With that said, maximum likelihood estimation is a **deep** topic and probably warrants its own separate article. For that reason, I’ll leave out the gritty details and just say

*[magic]*.

Fortunately for the practitioners out there, a number of maximum likelihood estimation methods have been implemented in open-source statistical libraries. Using scikit-learn with our sample data yields B0=-3.23 and B1=0.0723.

What exactly does LB and RB supposed to represent?

That’s the “Left Bound” and “Right Bound” of each bin used to group the samples. (Left bound inclusive, right bound exclusive).

Still, Ben, isn’t monotonicity necessary but not sufficient (This aplies to Method 2, BTW)? There is the issue of separation of variables issue whereby one may not have a(n) (numerical) input value Xo so that for all X>Xo all trials are successes/fails or beyond Xo all are true or false. I suspect the underlying issue is that an S-curve must twist abruptly to go into a constant curve (either f(x)=0 or f(x)=1) But somehow (in practice) there don’t seem to be problems when you have 3 or more levels in an ordinal curve,; maybe the S curve smooths out more easily with 3 levels.

Very good article, please keep me posting with new articles.

Hi, nice article . Is it fair to say that if you have a good fit when doing a standard regression Y dependent against X independent on your data then a logistic regression is _not_ likely to describe the log-odds accurately, i.e., the probability of a success in Y for different cases X cannot be successfully/effectively described ?

Thanks Guero. Hmm, I think you mean Y’, the transformed version of Y. If so, I would disagree with your statement. If you really did mean Y, then your statement is correct.

Thanks, how do you mean Y’ as the transformed version of X? Do you mean the “discretization” of Y into 2 or more states, e.g., High, Medium, Low?

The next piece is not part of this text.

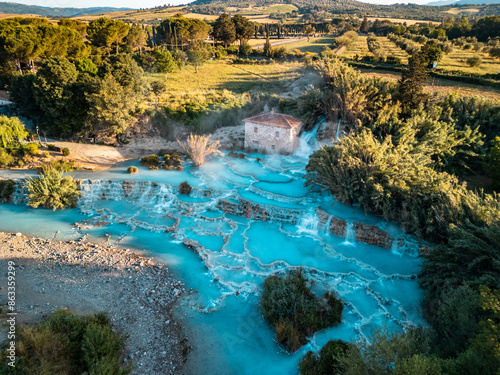 Fotografía Aerial perspective of Saturnia's stunning Cascate del Mulino hot springs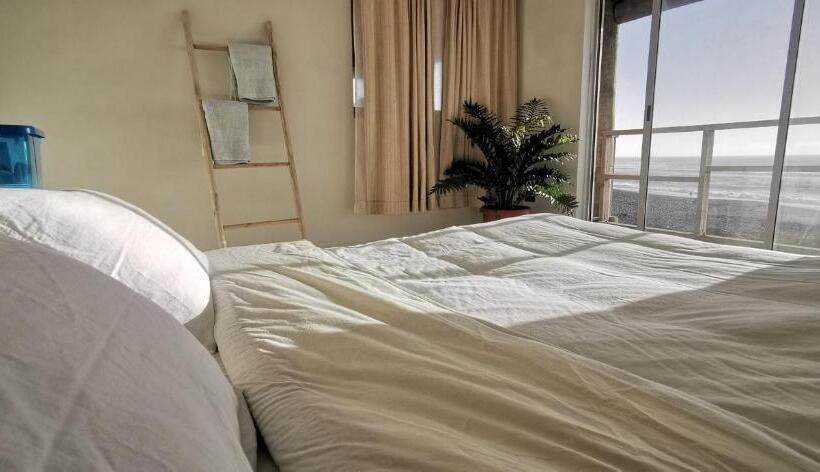 اتاق لوکس با بالکن و چشم‌انداز دریا, Sudeste Hostel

No. Notice this line in my post “Y’ equal to ln(PcntHomeowner/ (1-PcntHomeowner))”

Thanks for your patience Ben, I am basically trying to understand the meaning of a lack of fit (Chi-Squared has a P of 0.000) that I obtained in a multilevel logistic ( 5 states: Very High, High,…) . Can I conclude that lack of fit means that the distribution of the data or the odds P(x)/(1-P(x))cannot be well-approximated by a logit curve?

Responding to your last post (WordPress won’t let me reply below)… Yes.

Thanks for everything, Ben.